Author: Irene Mastelli, Director Advisory at Phenix Capital Group B.V.
PRI in Person, 10-12 September 2019, Paris, France
The sustainability and impact sector is becoming more mature, as exemplified by both content and participation at the three-day conference ‘PRI in Person’, organized by the Principles for Responsible Investments (PRI), which took place in Paris two weeks ago. Regarding the content, overall impressions are that the sessions are becoming more practical and hands-on from the point of view of participation, there is a strong sense that incorporating sustainability in portfolios is now more mainstream.

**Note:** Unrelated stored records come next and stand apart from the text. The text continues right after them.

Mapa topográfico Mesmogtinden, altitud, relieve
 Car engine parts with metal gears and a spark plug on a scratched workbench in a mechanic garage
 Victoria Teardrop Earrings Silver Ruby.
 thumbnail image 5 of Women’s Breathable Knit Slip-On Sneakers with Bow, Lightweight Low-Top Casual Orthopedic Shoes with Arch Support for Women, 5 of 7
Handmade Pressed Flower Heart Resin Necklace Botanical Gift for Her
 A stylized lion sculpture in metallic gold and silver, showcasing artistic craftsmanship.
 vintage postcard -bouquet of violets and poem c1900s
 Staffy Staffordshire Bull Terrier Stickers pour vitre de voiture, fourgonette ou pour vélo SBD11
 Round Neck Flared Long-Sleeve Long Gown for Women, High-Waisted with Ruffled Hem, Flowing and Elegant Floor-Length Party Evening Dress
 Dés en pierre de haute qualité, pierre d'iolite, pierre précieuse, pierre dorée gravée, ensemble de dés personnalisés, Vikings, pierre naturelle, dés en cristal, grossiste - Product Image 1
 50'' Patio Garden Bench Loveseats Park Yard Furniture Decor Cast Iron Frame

Content-wise, the PRI in Person is a true smorgasbord, offering sessions on anything from ESG integration, to impact investing, to the practicalities of engagement with investees, alongside the more usual calls to action from industry stalwarts. I attended themed sessions on climate disclosures engagement when investing in extractive sectors, and technologies for a low carbon future. Here are some of my take-aways, in no particular order of importance:
Sustainability is not some grand theme disconnected from reality; it affects people’s lives very directly. In a particularly emotional session discussing tailings of the mining industry (these are harmful byproducts of the extractive process), we heard from a survivor of the Brumadinho disaster in Brazil, which claimed many lives and had deep ramifications for the population, and ultimately the entire mining industry. After the events, investors acted to circulate and promote new and safer standards, and to collect and share information on the greatest tailing risks.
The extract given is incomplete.